Both campaigns have now appealed to the corporate-run Commission on Presidential Debates, demanding that Ms. Crowley stick to her preordained role as factotum for the staged travesty. But since you can't sign a contract enforcing conditions on a third party without that party's consent, they don't have a legal leg to stand on. Not that it really matters, of course, when you are running for president. The unitary executive job description has long been exempt from the pesky rule of law. If Candy Crowley asks a tough question on the illegality of targeted assassinations on American citizens, she could be declared a terrorist sympathizer and end up on a presidential kill list. Very theoretically, of course. The law is that dangerously and intentionally vague. A federal judge just ruled as much, before her ruling was overturned by a higher court based on a panic-stricken appeal by the White House.
The two sides did, however, deign to grant Ms. Crowley the power to shut off the microphones of audience questioners if they happen to go off-script from their pre-approved queries. Participants reportedly have been chosen from among undecided Long Islanders as determined by a Gallup poll.
And this whole canard about there being gridlock in Washington based on the insane polarity between the two sides of the Uniparty is just that -- a canard. Bipartisanship is alive and well when it comes to waging forever wars, and protecting the interests of the elites, and keeping the hoi polloi in their places. Here is the joint statement put out by the Rombama and Obamney people:
As stated in the document: “In managing the two-minute comment periods, the moderator will not rephrase the question or open a new topic … The moderator will not ask follow-up questions or comment on either the questions asked by the audience or the answers of the candidates during the debate or otherwise intervene in the debate except to acknowledge the questioners from the audience or enforce the time limits, and invite candidate comments during the two-minute response period.”
The Commission on Presidential Debates, as I've previously outlined, is run by lobbyists and corporate CEOs, for lobbyists and CEOs. Until Time Magazine's Mark Helprin leaked the "gentleman's agreement" the CPD had very undemocratically refused to divulge the terms and conditions whereby predigested drivel would be spewed into the undecided living rooms of the Banana Republic States of America. The document is really kind of a yawn. Mitt and Barry, prima donnas that they are, are allowed to bring their own make-up artists. (nothing about nails ladies, though). The "green rooms" where they will hover while awaiting their big entrances will be close enough to the stage so they won't be sweating like pigs from a too-long walk into the limelight.
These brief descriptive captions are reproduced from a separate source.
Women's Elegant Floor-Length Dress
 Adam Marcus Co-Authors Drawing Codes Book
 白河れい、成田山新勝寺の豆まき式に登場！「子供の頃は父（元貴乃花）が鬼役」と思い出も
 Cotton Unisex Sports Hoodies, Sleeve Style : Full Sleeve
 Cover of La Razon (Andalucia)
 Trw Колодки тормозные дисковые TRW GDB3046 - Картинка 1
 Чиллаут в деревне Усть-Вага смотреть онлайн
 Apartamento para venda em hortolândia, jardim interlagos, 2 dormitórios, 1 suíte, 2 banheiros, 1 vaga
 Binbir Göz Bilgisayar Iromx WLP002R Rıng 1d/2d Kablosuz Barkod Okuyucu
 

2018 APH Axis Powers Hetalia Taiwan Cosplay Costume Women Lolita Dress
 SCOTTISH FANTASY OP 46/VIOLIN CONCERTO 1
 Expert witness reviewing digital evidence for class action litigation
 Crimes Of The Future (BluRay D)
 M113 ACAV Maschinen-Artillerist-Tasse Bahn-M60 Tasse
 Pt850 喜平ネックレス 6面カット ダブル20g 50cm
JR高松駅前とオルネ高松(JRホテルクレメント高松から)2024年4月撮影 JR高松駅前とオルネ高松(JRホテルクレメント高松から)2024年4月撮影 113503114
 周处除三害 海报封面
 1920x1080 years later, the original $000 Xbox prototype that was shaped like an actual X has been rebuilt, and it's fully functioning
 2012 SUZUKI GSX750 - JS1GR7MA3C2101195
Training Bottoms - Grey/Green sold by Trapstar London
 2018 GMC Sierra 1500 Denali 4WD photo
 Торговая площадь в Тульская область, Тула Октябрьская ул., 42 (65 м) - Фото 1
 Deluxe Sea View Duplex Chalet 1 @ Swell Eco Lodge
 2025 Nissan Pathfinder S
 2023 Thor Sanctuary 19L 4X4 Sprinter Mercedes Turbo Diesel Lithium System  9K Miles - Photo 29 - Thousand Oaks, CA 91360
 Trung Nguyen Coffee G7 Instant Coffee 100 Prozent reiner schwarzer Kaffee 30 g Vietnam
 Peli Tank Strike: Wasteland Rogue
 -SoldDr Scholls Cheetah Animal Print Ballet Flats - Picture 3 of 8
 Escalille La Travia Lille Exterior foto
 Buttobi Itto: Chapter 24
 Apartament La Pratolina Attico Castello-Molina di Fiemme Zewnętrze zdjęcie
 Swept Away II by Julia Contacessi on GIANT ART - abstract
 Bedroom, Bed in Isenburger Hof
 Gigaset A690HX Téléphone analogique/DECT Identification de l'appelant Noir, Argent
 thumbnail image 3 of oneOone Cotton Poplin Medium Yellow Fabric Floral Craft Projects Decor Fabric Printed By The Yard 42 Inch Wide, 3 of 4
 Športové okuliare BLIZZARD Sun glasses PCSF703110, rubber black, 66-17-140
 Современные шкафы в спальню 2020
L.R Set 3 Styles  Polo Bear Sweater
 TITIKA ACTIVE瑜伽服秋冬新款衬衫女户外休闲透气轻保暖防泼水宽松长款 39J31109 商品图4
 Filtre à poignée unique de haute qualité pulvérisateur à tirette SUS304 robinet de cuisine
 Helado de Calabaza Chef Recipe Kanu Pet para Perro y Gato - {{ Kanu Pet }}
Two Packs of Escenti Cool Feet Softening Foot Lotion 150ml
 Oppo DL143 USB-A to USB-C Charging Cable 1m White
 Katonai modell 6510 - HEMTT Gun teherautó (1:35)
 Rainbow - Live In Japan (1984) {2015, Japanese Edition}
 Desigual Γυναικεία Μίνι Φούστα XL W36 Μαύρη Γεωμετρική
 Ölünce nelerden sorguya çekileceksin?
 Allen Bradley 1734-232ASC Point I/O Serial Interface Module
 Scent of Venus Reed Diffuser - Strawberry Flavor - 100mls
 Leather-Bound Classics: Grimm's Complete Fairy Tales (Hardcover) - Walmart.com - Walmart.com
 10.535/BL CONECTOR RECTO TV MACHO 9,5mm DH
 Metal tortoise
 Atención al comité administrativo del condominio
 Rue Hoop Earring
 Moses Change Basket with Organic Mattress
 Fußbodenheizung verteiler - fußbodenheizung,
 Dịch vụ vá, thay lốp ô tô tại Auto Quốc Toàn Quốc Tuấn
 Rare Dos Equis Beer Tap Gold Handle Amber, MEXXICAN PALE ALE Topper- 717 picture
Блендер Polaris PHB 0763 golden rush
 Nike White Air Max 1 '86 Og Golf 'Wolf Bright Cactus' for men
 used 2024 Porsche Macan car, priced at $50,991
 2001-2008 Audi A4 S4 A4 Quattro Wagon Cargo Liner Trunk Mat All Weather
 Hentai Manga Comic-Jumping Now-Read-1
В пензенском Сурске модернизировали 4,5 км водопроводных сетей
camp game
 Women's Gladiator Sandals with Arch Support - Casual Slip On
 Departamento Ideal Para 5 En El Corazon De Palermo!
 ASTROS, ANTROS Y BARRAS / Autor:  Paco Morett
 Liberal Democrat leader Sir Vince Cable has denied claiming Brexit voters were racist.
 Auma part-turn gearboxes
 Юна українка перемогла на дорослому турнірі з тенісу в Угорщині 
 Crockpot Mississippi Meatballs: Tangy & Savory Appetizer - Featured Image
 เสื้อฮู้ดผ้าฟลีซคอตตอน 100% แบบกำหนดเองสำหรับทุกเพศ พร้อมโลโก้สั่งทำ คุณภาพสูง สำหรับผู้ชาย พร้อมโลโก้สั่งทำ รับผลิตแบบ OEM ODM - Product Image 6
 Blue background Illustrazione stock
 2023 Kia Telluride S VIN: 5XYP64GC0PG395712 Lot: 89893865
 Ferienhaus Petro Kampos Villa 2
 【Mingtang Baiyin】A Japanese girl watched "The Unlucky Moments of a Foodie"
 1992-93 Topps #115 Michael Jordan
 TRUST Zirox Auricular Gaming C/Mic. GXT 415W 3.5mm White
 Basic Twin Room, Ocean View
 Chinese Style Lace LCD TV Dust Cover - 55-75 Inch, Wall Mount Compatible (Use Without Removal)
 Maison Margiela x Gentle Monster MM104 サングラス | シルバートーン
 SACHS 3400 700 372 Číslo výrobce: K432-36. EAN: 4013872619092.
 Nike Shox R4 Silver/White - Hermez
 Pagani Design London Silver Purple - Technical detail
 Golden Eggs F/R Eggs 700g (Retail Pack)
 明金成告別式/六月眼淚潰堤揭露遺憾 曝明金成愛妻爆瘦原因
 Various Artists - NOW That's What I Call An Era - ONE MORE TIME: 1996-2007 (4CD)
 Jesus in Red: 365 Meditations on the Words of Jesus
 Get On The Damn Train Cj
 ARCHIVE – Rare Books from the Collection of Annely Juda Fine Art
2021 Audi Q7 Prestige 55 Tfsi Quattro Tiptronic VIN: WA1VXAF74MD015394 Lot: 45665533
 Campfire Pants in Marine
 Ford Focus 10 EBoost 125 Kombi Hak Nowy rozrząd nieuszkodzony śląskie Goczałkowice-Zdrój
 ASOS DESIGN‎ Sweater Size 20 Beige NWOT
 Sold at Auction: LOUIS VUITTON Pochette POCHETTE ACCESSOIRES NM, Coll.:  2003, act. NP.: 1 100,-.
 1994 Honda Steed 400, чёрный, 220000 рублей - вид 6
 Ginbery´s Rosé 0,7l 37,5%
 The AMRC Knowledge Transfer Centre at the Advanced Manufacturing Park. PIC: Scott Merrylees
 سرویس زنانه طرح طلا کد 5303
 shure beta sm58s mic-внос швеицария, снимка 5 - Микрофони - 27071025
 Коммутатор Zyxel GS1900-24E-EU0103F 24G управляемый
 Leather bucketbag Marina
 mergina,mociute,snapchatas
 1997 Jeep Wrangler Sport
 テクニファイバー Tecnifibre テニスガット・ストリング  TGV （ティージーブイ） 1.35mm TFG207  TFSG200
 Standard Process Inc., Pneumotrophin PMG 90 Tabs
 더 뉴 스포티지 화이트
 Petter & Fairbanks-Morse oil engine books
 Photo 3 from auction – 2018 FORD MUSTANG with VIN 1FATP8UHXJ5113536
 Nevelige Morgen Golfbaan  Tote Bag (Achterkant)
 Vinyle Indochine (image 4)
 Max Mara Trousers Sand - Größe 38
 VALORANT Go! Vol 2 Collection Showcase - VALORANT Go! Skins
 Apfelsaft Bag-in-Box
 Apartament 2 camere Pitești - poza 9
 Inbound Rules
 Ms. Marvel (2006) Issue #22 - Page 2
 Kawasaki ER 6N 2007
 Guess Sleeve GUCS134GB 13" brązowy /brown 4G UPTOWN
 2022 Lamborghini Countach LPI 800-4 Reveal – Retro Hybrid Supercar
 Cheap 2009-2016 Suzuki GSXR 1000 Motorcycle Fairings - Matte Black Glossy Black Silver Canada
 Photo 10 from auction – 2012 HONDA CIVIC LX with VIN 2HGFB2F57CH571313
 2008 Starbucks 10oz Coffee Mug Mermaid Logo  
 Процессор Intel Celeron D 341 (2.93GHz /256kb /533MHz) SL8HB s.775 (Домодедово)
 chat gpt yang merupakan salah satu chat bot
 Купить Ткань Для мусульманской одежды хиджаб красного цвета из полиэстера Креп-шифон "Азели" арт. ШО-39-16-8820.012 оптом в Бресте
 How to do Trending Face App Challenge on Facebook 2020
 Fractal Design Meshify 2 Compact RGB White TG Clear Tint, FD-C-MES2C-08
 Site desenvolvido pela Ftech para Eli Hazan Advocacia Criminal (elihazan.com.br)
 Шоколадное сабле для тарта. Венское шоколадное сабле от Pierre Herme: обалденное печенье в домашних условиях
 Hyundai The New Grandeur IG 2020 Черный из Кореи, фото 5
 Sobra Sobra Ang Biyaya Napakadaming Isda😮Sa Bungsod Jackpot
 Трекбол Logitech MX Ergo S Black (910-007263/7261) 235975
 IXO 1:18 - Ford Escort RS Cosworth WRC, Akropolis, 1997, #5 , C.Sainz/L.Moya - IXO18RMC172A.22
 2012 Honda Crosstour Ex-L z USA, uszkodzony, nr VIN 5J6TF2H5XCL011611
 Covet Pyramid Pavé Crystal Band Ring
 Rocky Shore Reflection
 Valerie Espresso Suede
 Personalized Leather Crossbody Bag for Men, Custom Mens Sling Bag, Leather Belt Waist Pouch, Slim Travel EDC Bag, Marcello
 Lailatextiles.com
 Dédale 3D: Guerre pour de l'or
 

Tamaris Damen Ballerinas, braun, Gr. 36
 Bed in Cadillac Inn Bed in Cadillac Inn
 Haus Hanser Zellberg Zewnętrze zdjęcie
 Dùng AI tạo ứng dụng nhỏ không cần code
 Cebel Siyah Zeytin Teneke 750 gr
Panning camera shots of dismayed spouses and nose-picking spawn in the audience are verboten. Each man will be allowed to bring along his own own still photographer for posterity. No Leni Riefenstahlish documentarians allowed, though. All camera angles will be flattering. The mics will be wireless so as to avoid accidents. The little tables holding their designer water will be close enough to avoid any untoward stretching or embarrassing spills.
Amazingly enough, the Debate police will ensure that neither Mitt nor Barry sneaks any electronic device, prop, or other "tangible thing" to the stage with them. Whether they will actually be frisked or body-scanned is not known, but the agreement does allow Candy Crowley to interrupt the whole shebang if she discovers either one of them cheating in any way. We can only hope. We can also hope that one of the pre-approved, "undecided" citizen questioners launches into a tirade against war, unfettered capitalism and the corruption of politics by the monied interests before the microphone is turned off. That is the only reason I'll be tuning in.